The Chinese Crested is old breed, from Chinese Royalty. When I asked the trainer what they were bred for she said, “To climb under the covers and keep your feet warm.”

Sounds good to me.

Well,  it’s been a quiet week in Junction City except for my animal drama and my psychological ups and downs.

To write? Not to write? What am I doing here? You know, life's persistent questions...

The Dance of the Chinese Crested. This is not Sweet Pea, she still has more hair.


Sunday, May 29, 2016

“Ma, Your Boy has a Colander in his Pants Again.”

Don Hahn, in his book Brain Storm, tells about being a boy and smuggling various objects from the kitchen up to his bedroom in his pajama pants. When he was bored with his little green plastic soldiers having already won the battle two or three times, he would experiment with a flashlight and his objects.  When he discovered shining a flashlight through a colander he had an entire  milky way on his ceiling.

Why am I telling you this?  I like it. It’s fun, and you might be interested in being more creative.

Perhaps that is what’s missing in our day to day life. I am distressed to see so many unhappy people. Perhaps they’re okay, and it is my perception that is faulty, but I don’t think so. If you can’t trust your own perceptions what can you trust?  I see many people walk around slack-jawed, and head down. That in itself shows depression. Tony Robbins says to sit up straight and put a big stupid grin on your face. Now try to be depressed.

I had a change of heart the other day. I have been feeling prickly of late and prone to expletives. When my daughter suggested a particular Yoga class, I took her up on it. It’s an easy one, not strenuous, and last week we had a guided meditation. I left that class in a zone, wondering if I was safe to drive home. I wasn’t, but there was no harm done.

I didn’t see the cement strip in front of my car and instead of backing out of my parking place as I have told myself a hundred times to do, I pulled forward, right into that cement strip demarking the parking space. That "Whack," woke me up. At home, a family member was stressing out, and I didn’t take in on as I often do. And that night I slept—I’m not going to say like a baby, they wake up every two hours—mine was the sleep of a contented person.

I do believe more meditation is in order…

This morning I was on my way to my latest blog post, "What Do You Want? (beautiful picture), ready to delete it, for I figured that prickly edge I had was showing, and didn’t know if I wanted to let that post stand. Before I deleted it, I found I had a 4, 595 audience spike. Either people like pitty, or it was my two hashtags that brought them in. Either way, I thank all who gave it a look-see.
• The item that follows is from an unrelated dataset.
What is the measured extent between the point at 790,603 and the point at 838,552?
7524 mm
Don Hahn is a Disney Imagineer. He says that "Creativity beckons us to jump into the void--to shine a light on darkness and to take a risk on following a new idea."

And I have found that taking a day off feels really really good.  Most people who write on creativity say it is important to recharge your batteries from time to time. Julie Cameron (The Artist’s Way) says it’s a must to go to a place where you are inspired--museums, art galleries, nature walks--I long for a good horseback ride through the forest. Hahn says you must leave your office and go into a new environment. And don’t ask anyone’s permission. Go alone. Make it a guilt-free, censor-free zone.

And here is a Hahn’s quote I love:

“Why do I care if I make a fool out of myself?  It’s called living, and while we are yet alive shouldn’t we do things that living people do? So embrace your inner idiot.”

And hey, listen to this one: the classroom had emptied all except one little girl who was intent on her drawing. The teacher asked what she was doing.

“Drawing a picture of God,” she answered.”

“But honey, no one knows what God looks like,” responded the teacher.

Said the little girl, “They will in a minute.”